• Required action: Scan the records below for the line with "Ths.Bs. Lê Thị" and the line with "Ahlat ilçesinde yaşanan", and retype that range exactly, both ends included, pictures excepted.

• Material for the task:
┌──

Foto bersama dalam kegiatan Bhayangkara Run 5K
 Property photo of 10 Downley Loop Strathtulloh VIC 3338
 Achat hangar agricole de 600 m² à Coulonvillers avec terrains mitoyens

└──
┌──

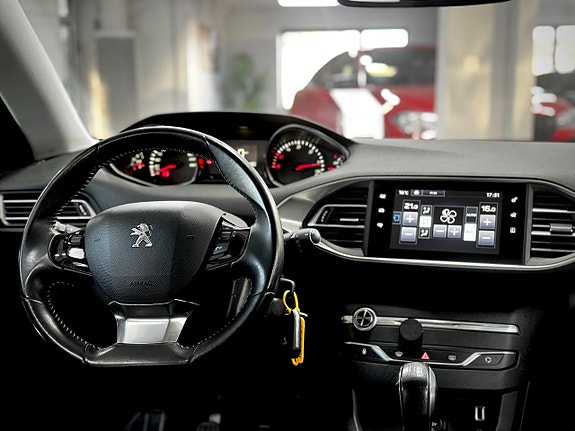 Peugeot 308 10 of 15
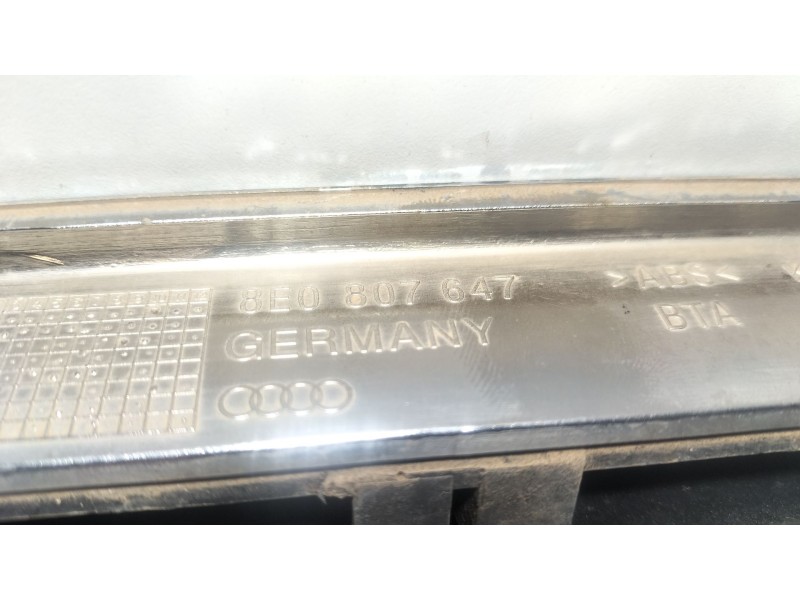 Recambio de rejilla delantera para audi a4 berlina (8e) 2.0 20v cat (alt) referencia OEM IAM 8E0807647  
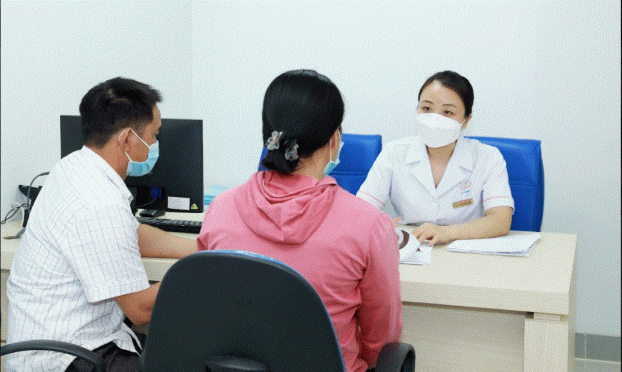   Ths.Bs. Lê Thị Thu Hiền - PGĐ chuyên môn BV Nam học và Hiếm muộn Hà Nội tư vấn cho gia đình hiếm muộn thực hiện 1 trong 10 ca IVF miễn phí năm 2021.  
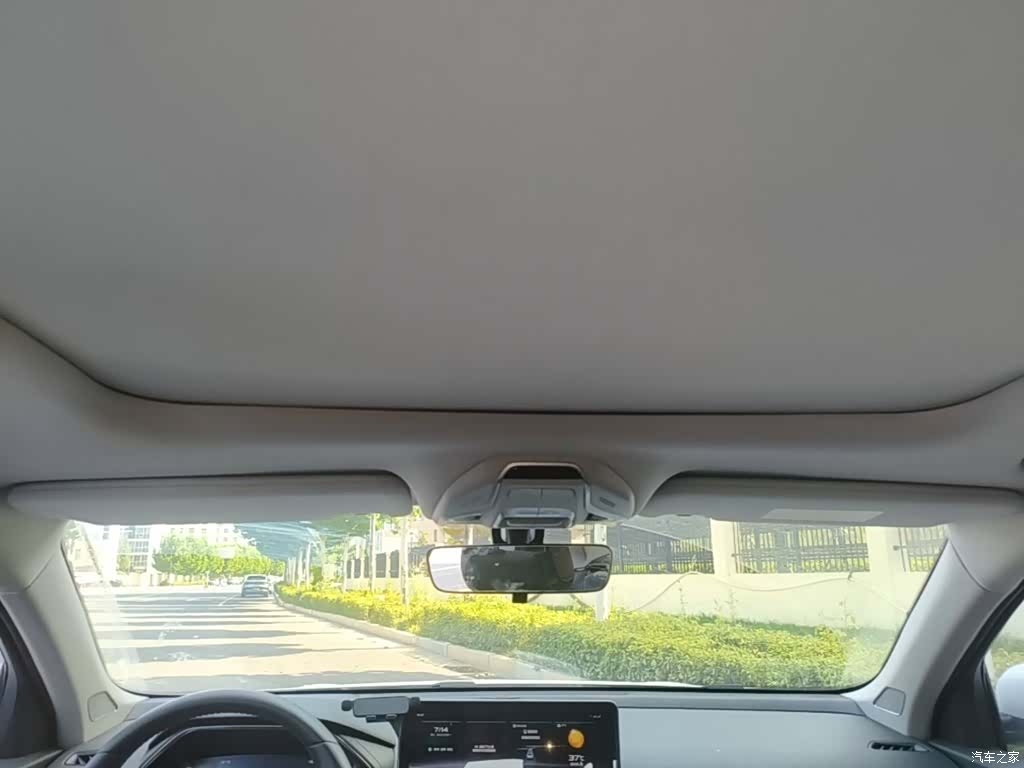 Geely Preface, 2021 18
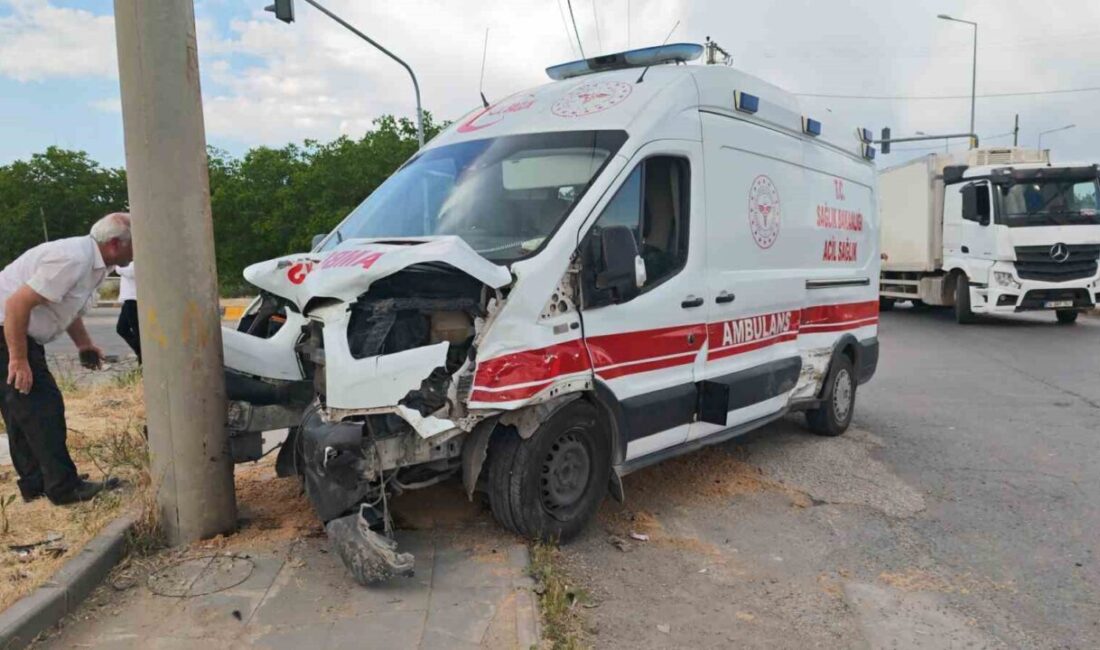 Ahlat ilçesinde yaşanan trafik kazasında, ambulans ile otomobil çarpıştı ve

└──

• Response to the task:
   Ths.Bs. Lê Thị Thu Hiền - PGĐ chuyên môn BV Nam học và Hiếm muộn Hà Nội tư vấn cho gia đình hiếm muộn thực hiện 1 trong 10 ca IVF miễn phí năm 2021.  
 Geely Preface, 2021 18
 Ahlat ilçesinde yaşanan trafik kazasında, ambulans ile otomobil çarpıştı ve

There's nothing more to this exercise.